Fundamental Analysis
Fundamental analysis isn’t as talked about as technical analysis, but it is the other side of the analysis coin.
While in traditional finance it is used to determine if an asset is overbought or oversold, in crypto, it is used alongside technical analysis to get a clearer picture of an asset’s future performance.
Unlike technical analysis, it considers factors outside the price of the asset and looks at how those factors may affect price in the future.
For example, while technical analysis considers the past performance of an asset, fundamental analysis considers factors such as news and events, network metrics of an asset etc.
Fundamental analysis can be done by anyone, but the quality is dependent on how many factors the analyst looks at.
This means that it is more difficult to have an accurate fundamental analysis than it is to have an accurate technical analysis.
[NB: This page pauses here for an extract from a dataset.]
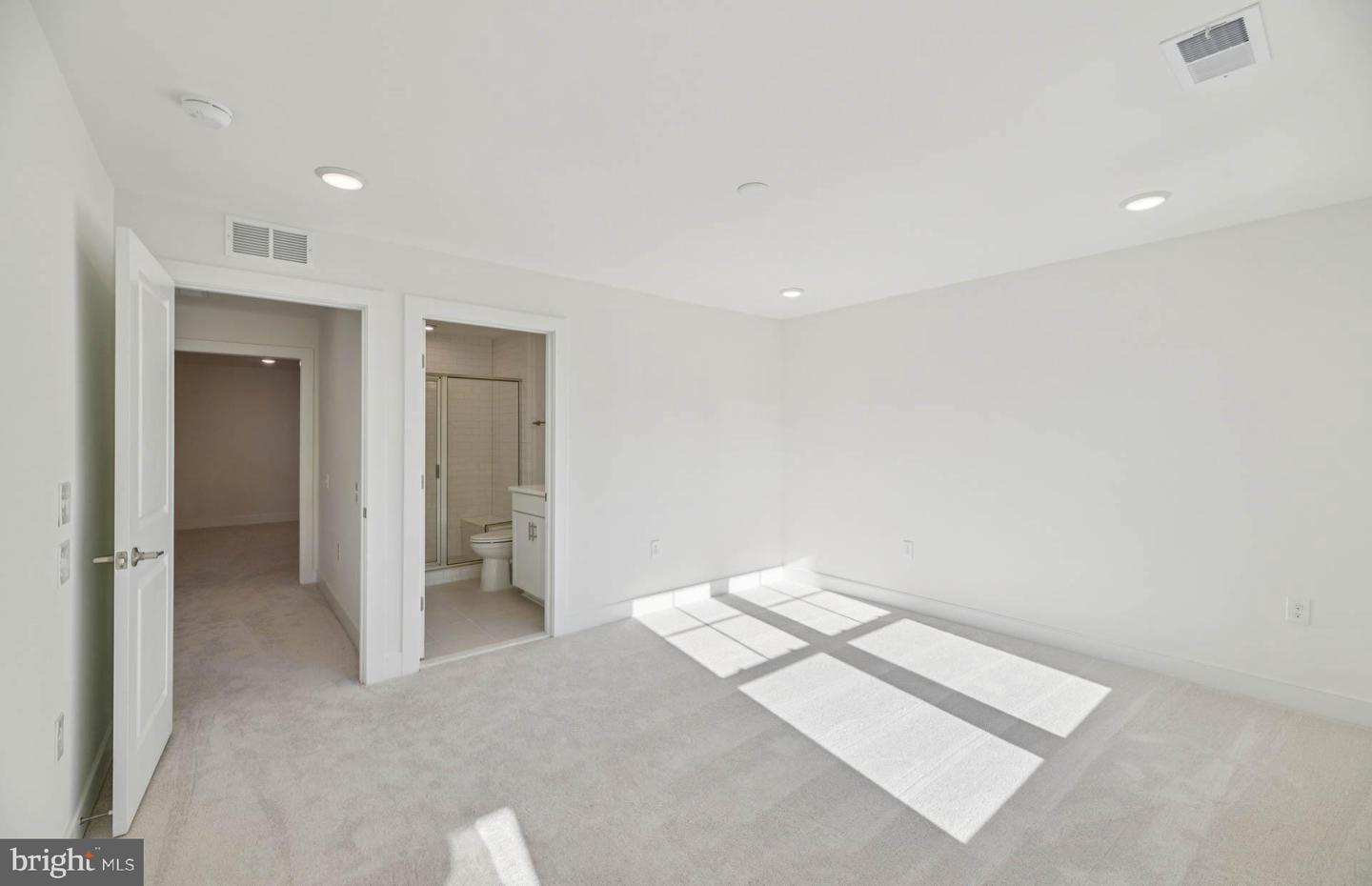 6172 AMBER LN, HAYMARKET, Virginia 20169, 3 Bedrooms Bedrooms, ,3 BathroomsBathrooms,Residential,For sale,6172 AMBER LN,VAPW2110206 MLS # VAPW2110206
Difference Between Technical and Fundamental analysis
As earlier mentioned, technical and fundamental analysis are quite different, but they are both important in getting a rounded conclusion on the future performance of an asset.
First, technical analysis takes into account the price performance of an asset. It considers the history of the asset’s performance and then makes inferences based on the history.
This is based on the assumption that price behavior isn’t random, and cycles are about to repeat themselves.
On the other hand, fundamental analysis doesn’t regard past price performance at all. Instead, it looks at current happenings surrounding the asset, which may affect the performance.
Secondly, technical analysis is quite technical as the name pimples. Using the indicators for technical analysis requires technical understanding of chart patterns which not everyone can do until they learn it.
Fundamental analysis is relatively easy, something anyone can do. It just involves doing research which anyone can pull off on the internet.
With such gathered information such as news and events, the team behind a project, and network metrics, one can draw a conclusion on how the asset performs.
Final Thoughts
Here’s the thing. Analyzing a crypto asset to determine its suitability for trading or investment can be challenging. However, combining technical and fundamental analysis makes this less challenging, as you can more easily get the bigger picture.
In truth, no single analysis – technical or fundamental – can accurately capture the tendencies of an asset, so it’s necessary to apply both when carrying out your analysis.